Chinese state TV taps Uygur star to host new year gala

Negmat Rahman, a rising star at CCTV, will share the stage with other entertainers

PUBLISHED : Tuesday, 03 February, 2015, 1:19am
UPDATED : Tuesday, 03 February, 2015, 2:44am

The mainland's biggest television event of the year will for the first time feature a Uygur as one of its celebrity hosts, the state broadcaster announced on Monday, a decision that comes amid heightened tensions in the ethnic minority's Xinjiang homeland.

The previous Lunar New Year Gala drew more than 700 million viewers from across the country, according to China Central Television. One of the hosts for the upcoming show would be Negmat Rahman, a member of the mostly-Muslim Uygur minority in the western region. He is nationally known as the face of a popular quiz show on CCTV.

He will share the stage on February 18 with seven other figures from entertainment, including Kang Hui, anchor of the CCTV Evening News Bulletin, and Dong Qing, a gala veteran who made headlines last year after it was revealed she gave birth to her child in the United States.

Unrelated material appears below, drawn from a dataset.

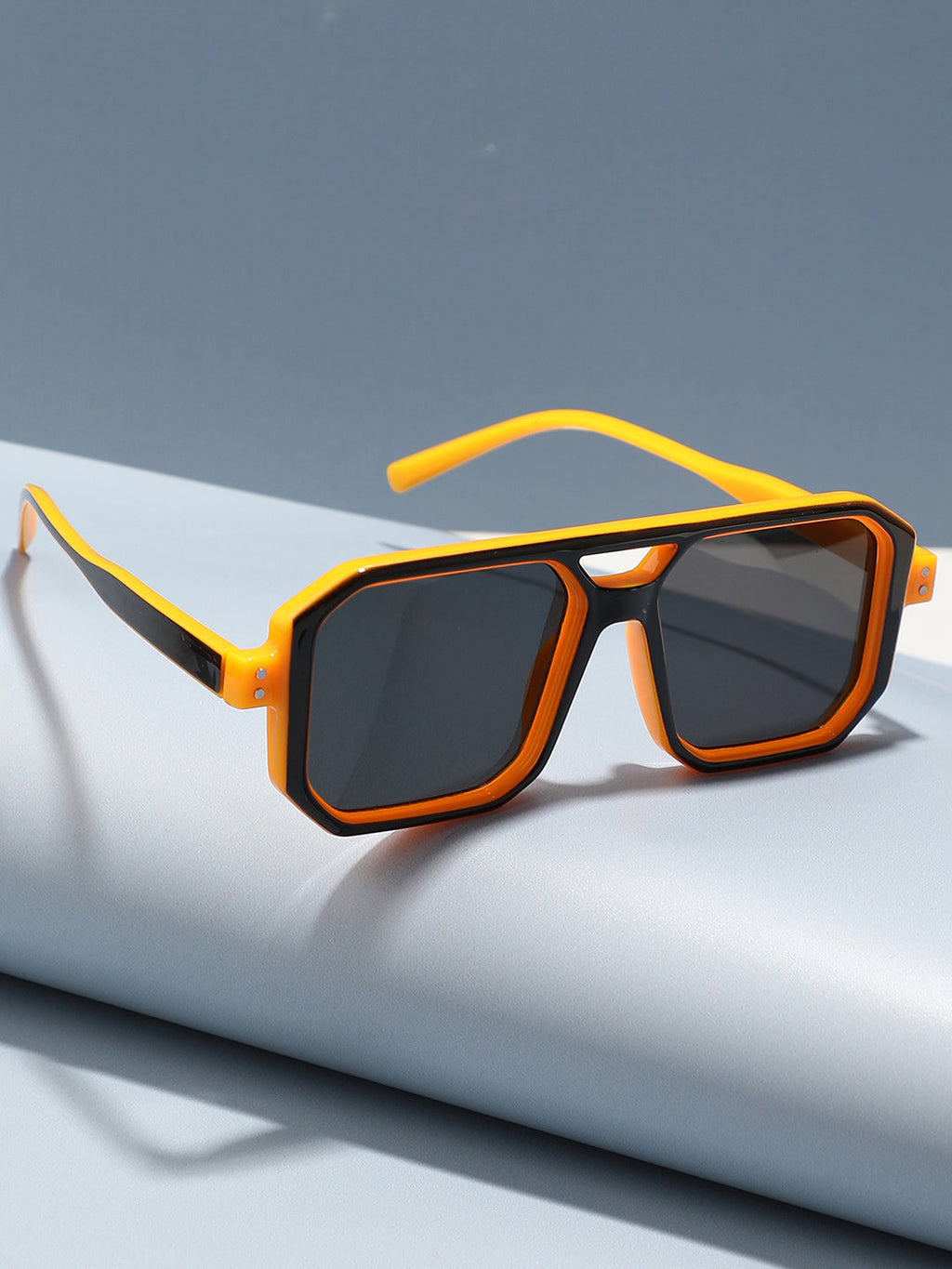Tinted Lens Yellow Frame Oversized Sunglass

The four-hour show features songs and dances, often performed by ethnic minorities, as well as magic acts and comedy routines.

Last year's offering was criticised by some viewers for carrying an overtly political message that clashed with the celebratory spirit of the night. Dancers performed part of the ballet opera The Red Detachment of Women, one of the eight "model plays" endorsed by the leadership during the Cultural Revolution.

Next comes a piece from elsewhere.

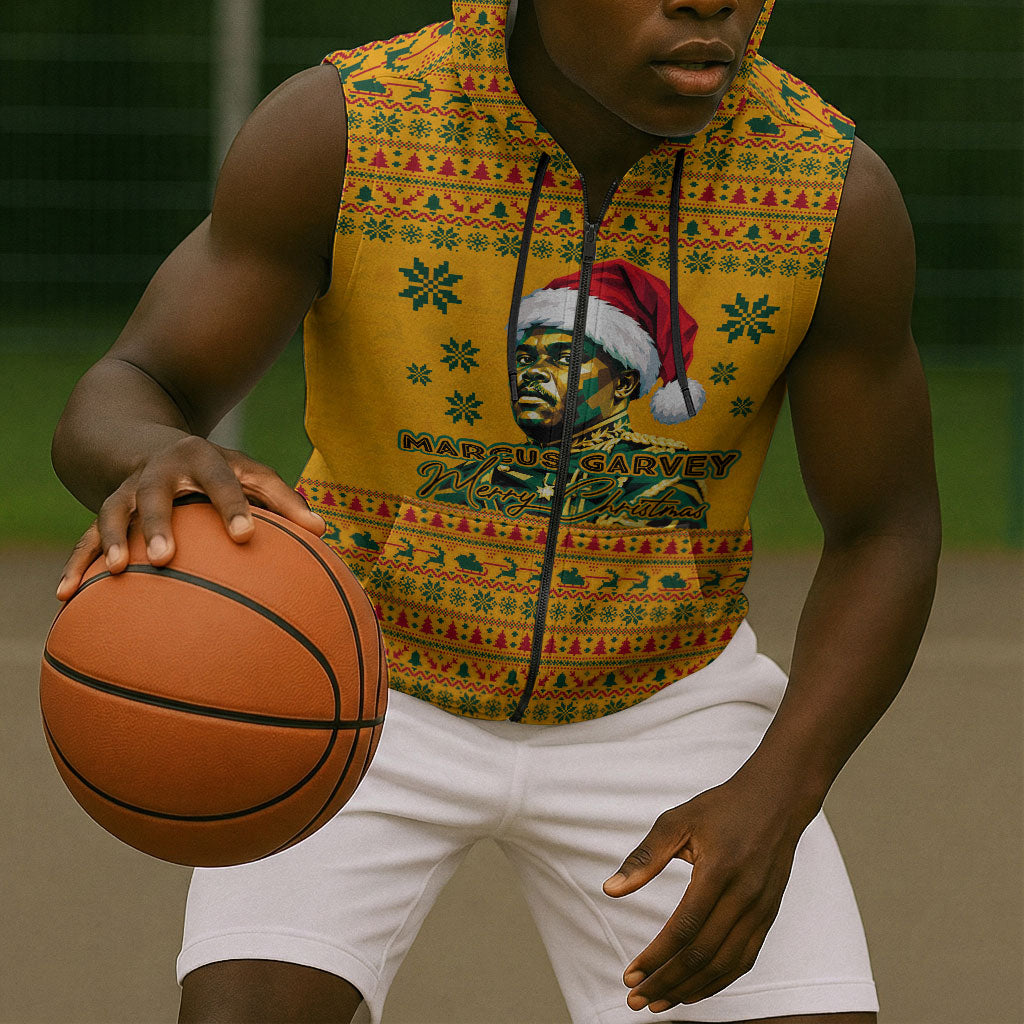 Marcus Garvey Christmas Sleeveless Zip Hoodie Inspirational History Quote Ugly Knitted Pattern Festive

Negmat Rahman, 31, joined CCTV in 2006 after winning a talent show and became the host of Happy Dictionary, a quiz show that resembles the American television hit, Who Wants to Be a Millionaire.

He's since become the face of CCTV's arts channel, hosting eight popular programmes, including a game show that recorded the channel's highest viewing ratings in 2013.

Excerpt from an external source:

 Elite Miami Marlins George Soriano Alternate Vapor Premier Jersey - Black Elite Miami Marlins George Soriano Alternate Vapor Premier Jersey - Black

Relations between Han and Uygurs have come under strain following attacks in several mainland cities and throughout Xinjiang last year, which the government attributes to terrorists and extremists seeking independence for the region. The ensuing security crackdown has been viewed by some Uygurs as a move to weaken their cultural and Muslim identity.

In December, the Urumqi People's Congress Standing Committee voted in favour of banning people from wearing a burqa in public, according to the local government news website Tianshan.net The proposal was approved by the regional people's congress standing committee last month but it has ordered unspecified amendments.